Data Quality

Deep Data is the New Big Data

February 06, 2020

Christoper Tozzi

It’s no longer enough for your data to be big. Today, data needs to be deep, too. Here’s why deep data is so essential for enterprise data analytics, and tips for making your data deep.

These days, anyone can collect lots of data. Data collection can be easily automated, and data storage is cheap.

In fact, because we live in an age when everything is digitized, it’s virtually impossible not to collect lots of information. From network switches to remote sensors to customers’ browsing history, everything spits out data at a dizzying pace – and companies need to make sense of that data if they want to understand the trends that power their business.

Big data vs. deep data

Yet simply collecting lots of data is not enough. Large-scale data collection gives you big data – meaning a large volume of data to analyze – but it doesn’t necessarily mean you have data that is valuable.

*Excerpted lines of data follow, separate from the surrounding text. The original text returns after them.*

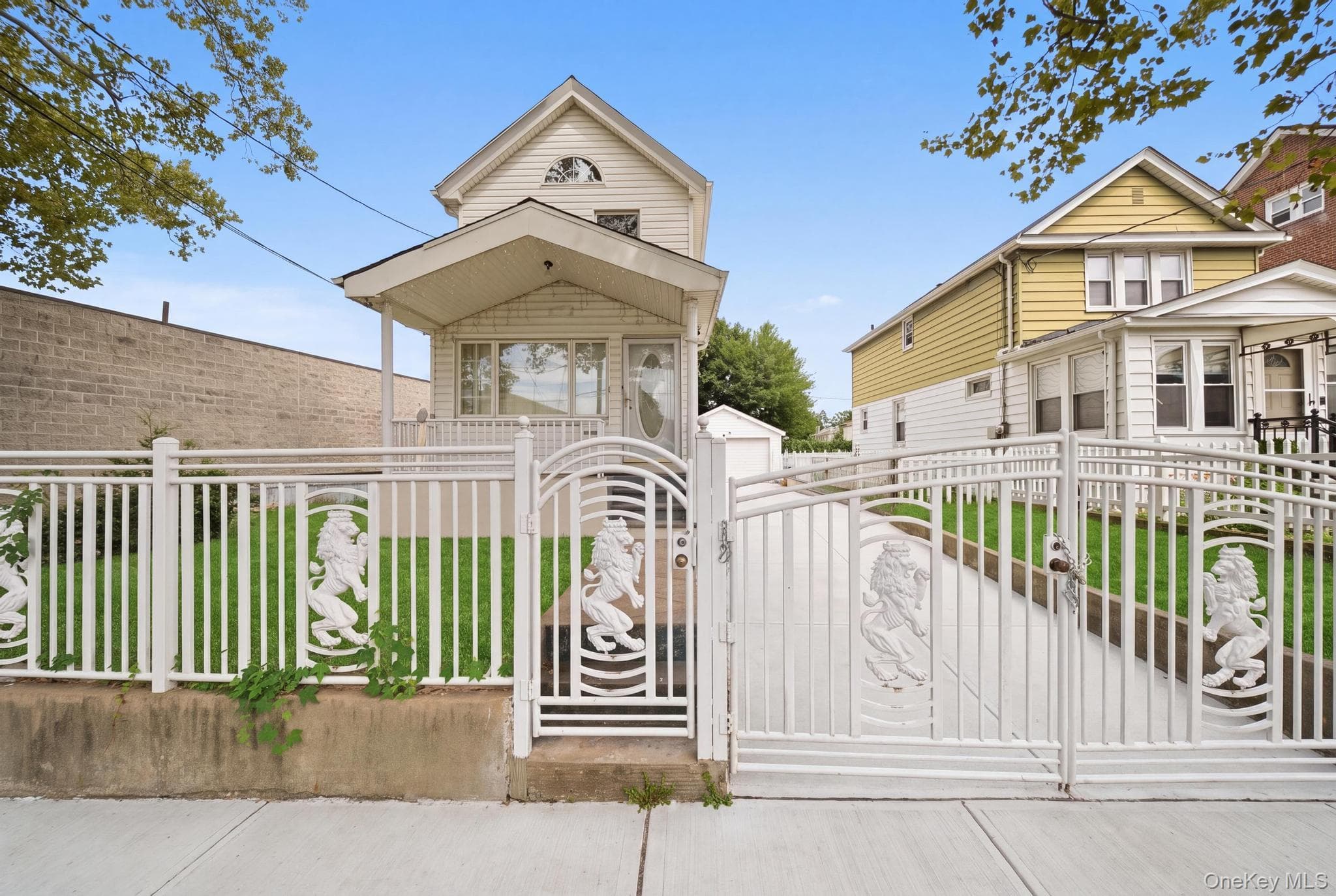 21615 113th Avenue photo 1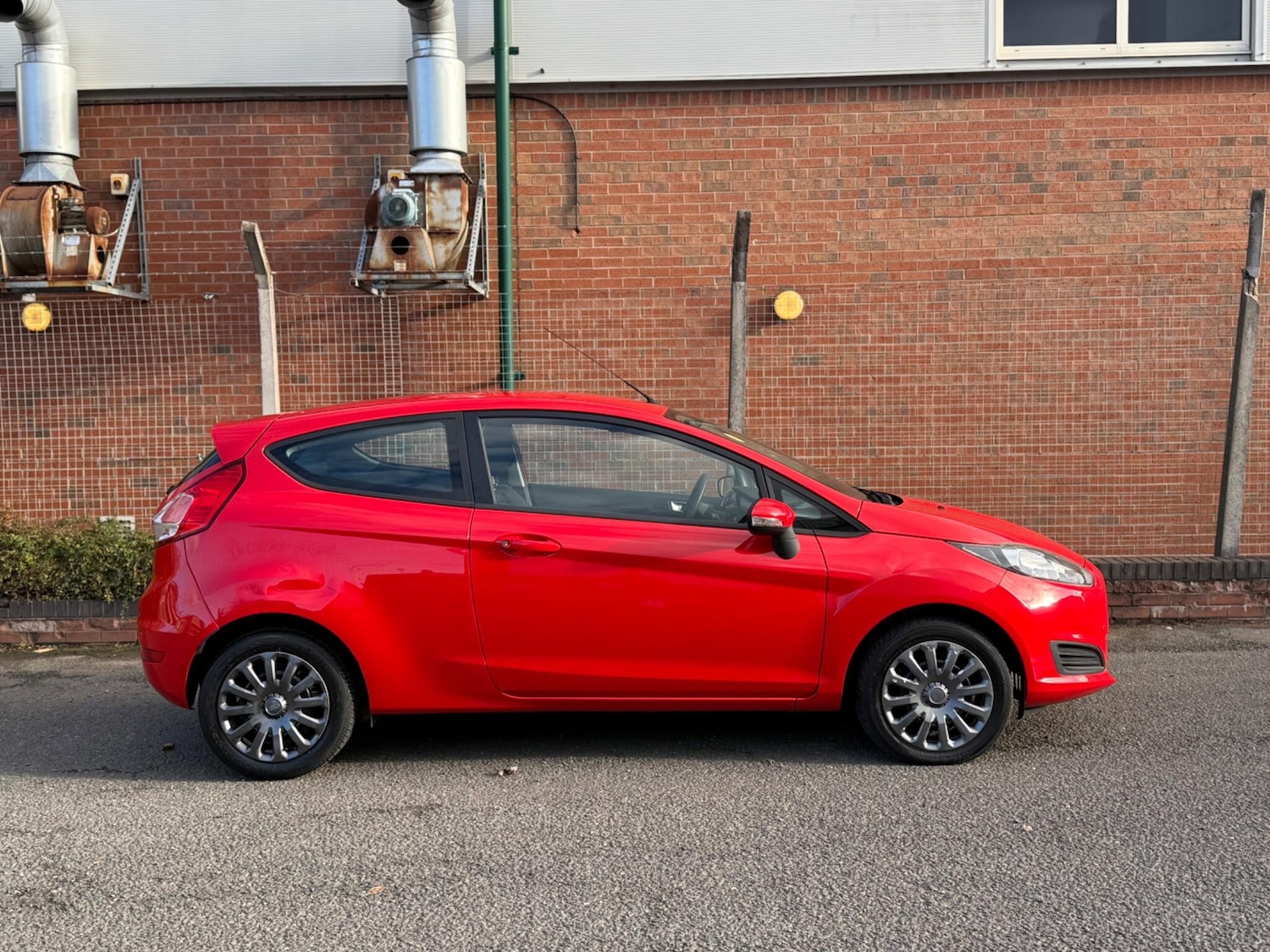 Used Ford Fiesta 2013 for sale - 76878392: Photo 5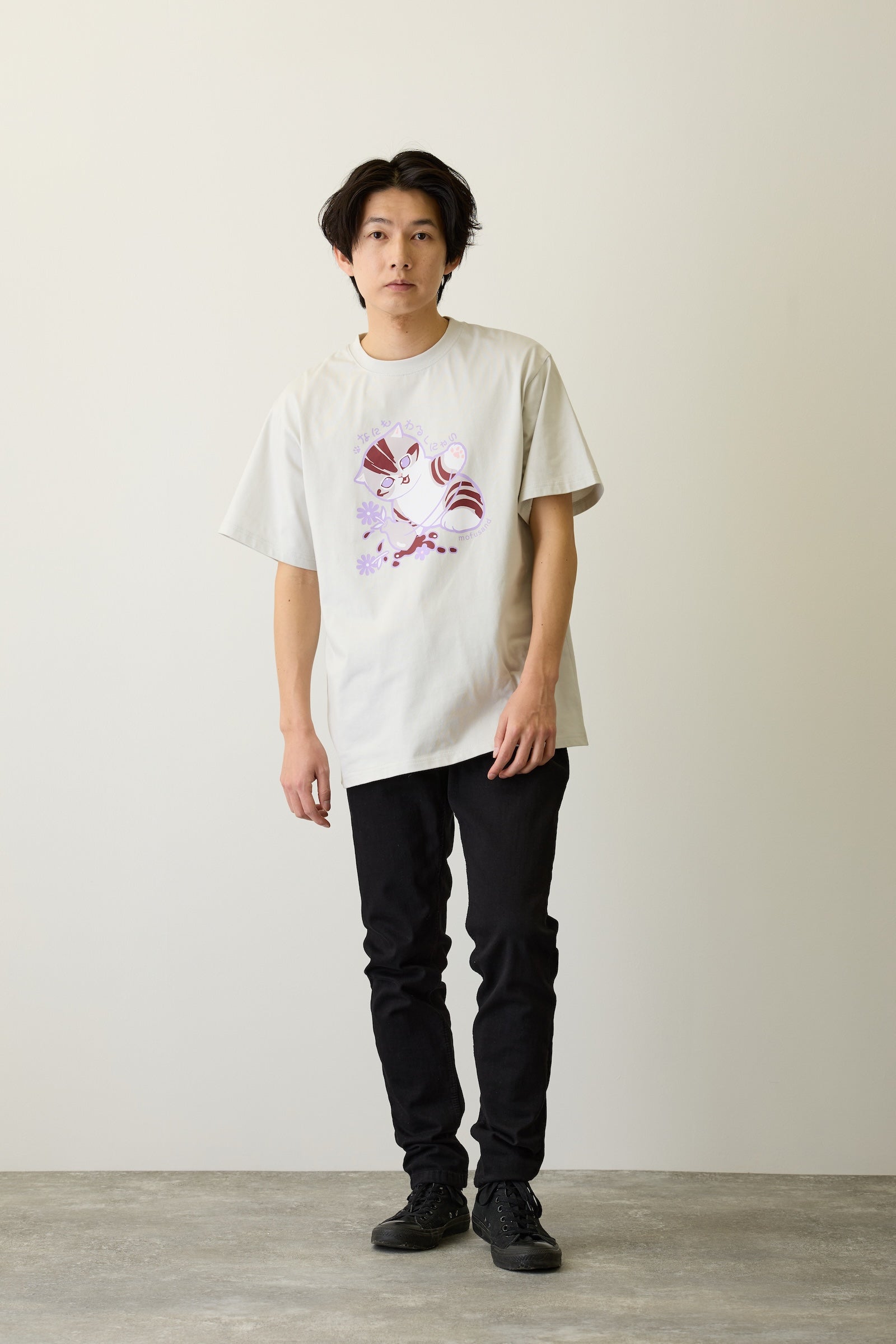 【2BUY10%OFF対象商品】mofusand Tシャツ なにもわるくにゃい 花瓶だいすきにゃん グレー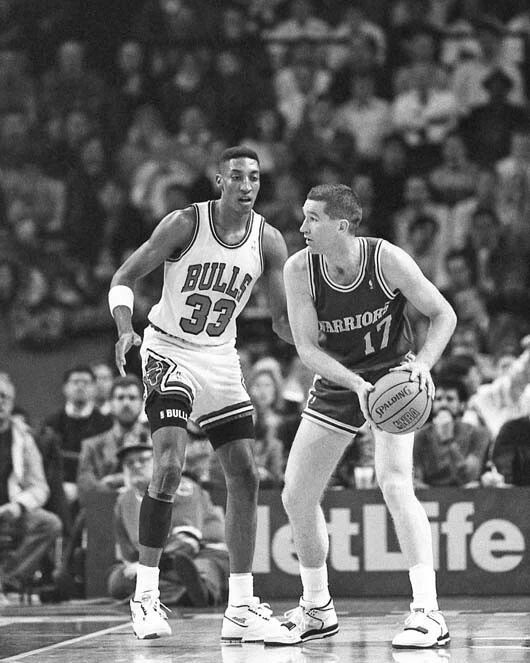 Chris Mullin Vs Scottie Pippen Glossy Photo Golden State Warriors Print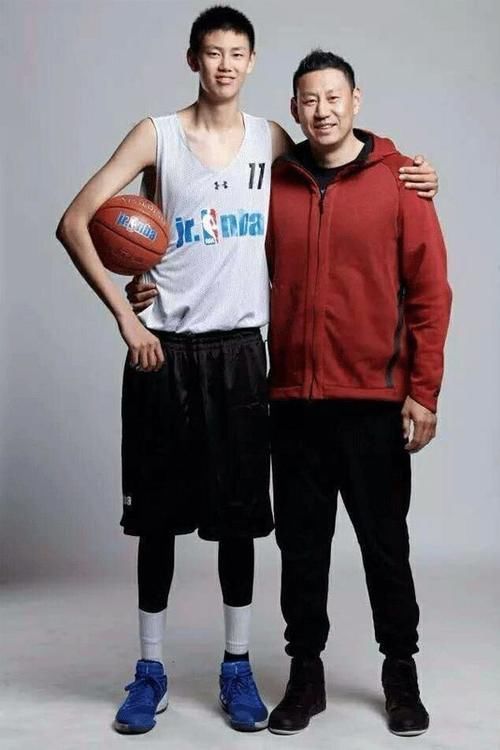 生长发育|新版“儿童身高标准”出炉,一起来看看,你家娃“拖后腿”了吗?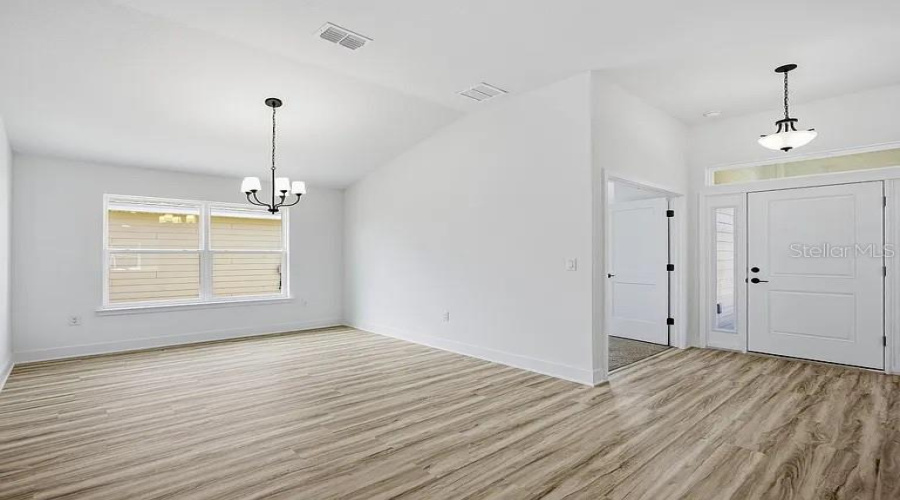 Alachua, Florida 32615, 4 Bedroom Bedrooms, ,2 Bathroombathrooms,Residential,For Sale,178Th,0,Mfrgc541921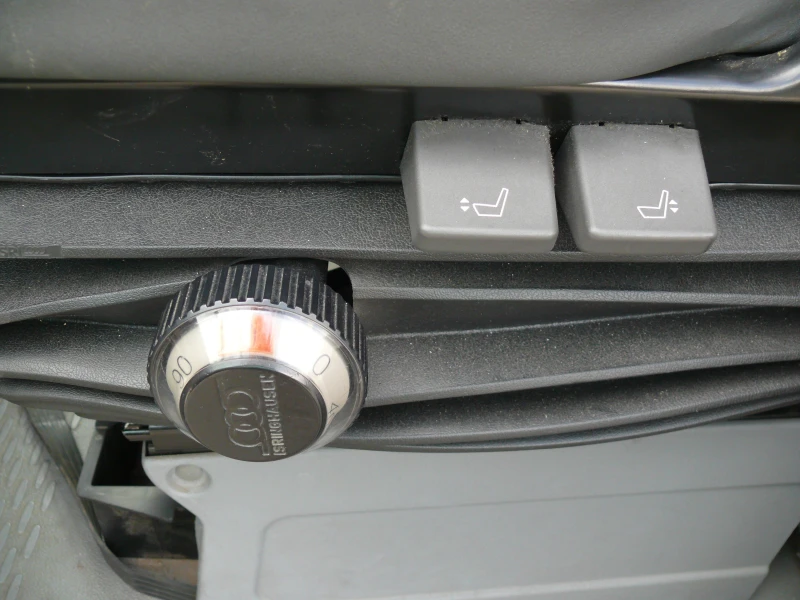 Iveco 35S18 180кс. + КЛИМАТИК, снимка 14 - Бусове и автобуси - 52820077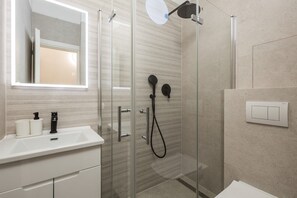 Hair dryer, towels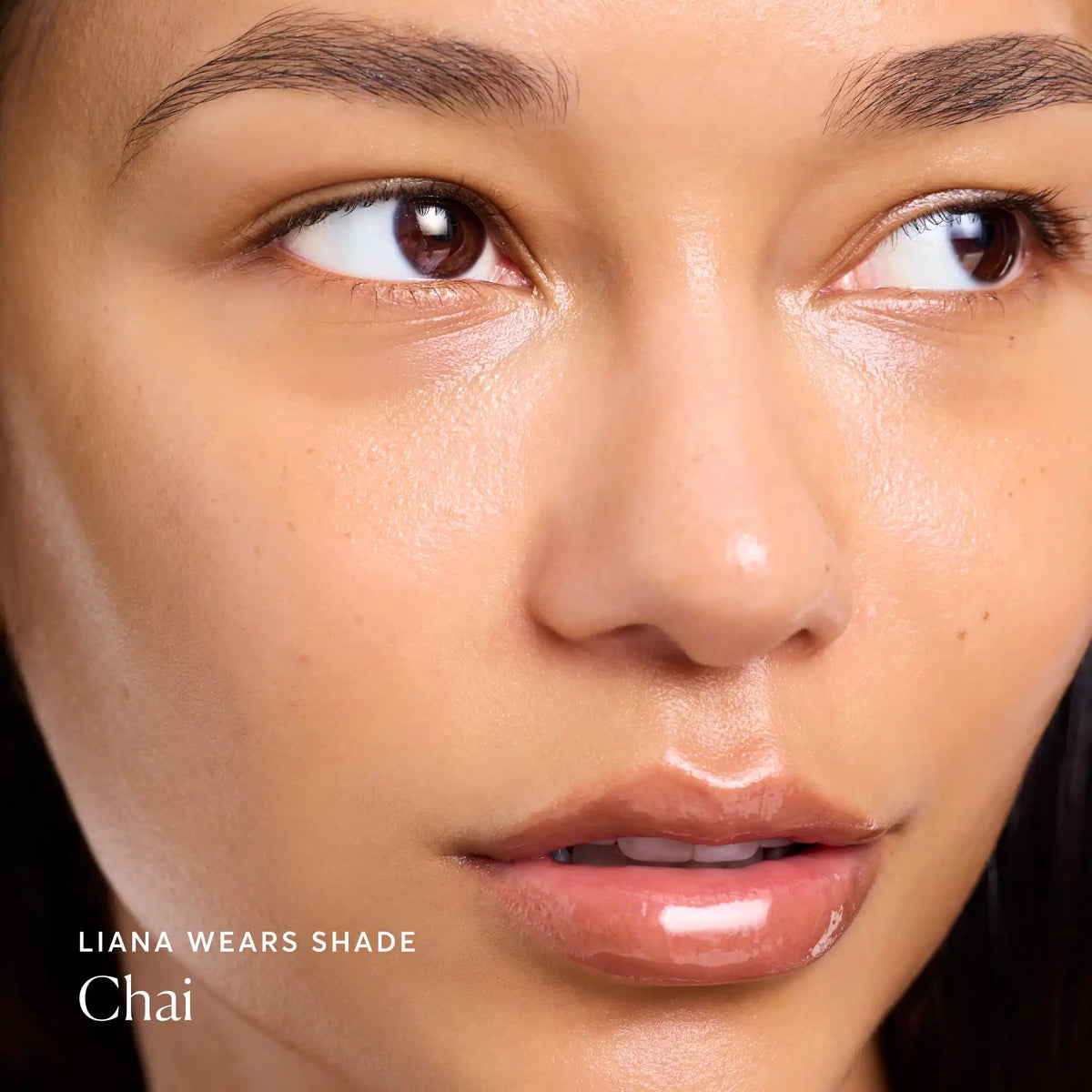 phyto-glow-lip-balm-chai-i9 NATR-60111-Alt-Images-Phyto-Glow-Lip-Balm-Chai-04.webp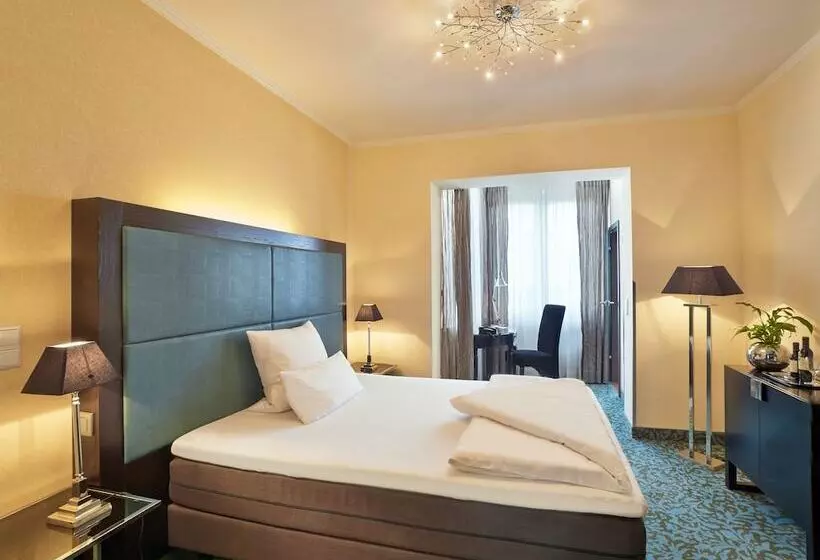 اتاق سوپریور یک تخته, Top Hotel Krämer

To be valuable, your data needs to be not just big data, but also “deep” data. The term “deep data” encompasses two essential components: data quality and data integrity.

Data that is collected haphazardly is unlikely to have either quality or integrity. No matter how big the amount of data you collect, you can’t derive much value from it if you are not able to analyze it rapidly to glean accurate, reliable information.

Deep data challenges

Generating deep data can be tough for two main reasons.

First, data quality tends to vary widely. Information might be missing, inaccurate, or inconsistent within a database.

For example, consider the data quality challenges you face when collecting information about visitors to a website. Parts of the data you collect about the technology used by your visitors are likely to be incomplete because some users will be using browsers or operating systems that cannot be identified.

eBook

4 Ways to Measure Data Quality

Learn how to measure data quality and track the effectiveness of data quality improvement efforts. There are a variety of data and metrics that organizations can use to measure data quality. We’ll review of few of them in this eBook.

Read

The data is also likely to contain inaccuracies. For instance, if a customer uses a virtual private network (VPN) to mask his or her geographic location, the data you collect about the geographic origins of website users will not be completely accurate.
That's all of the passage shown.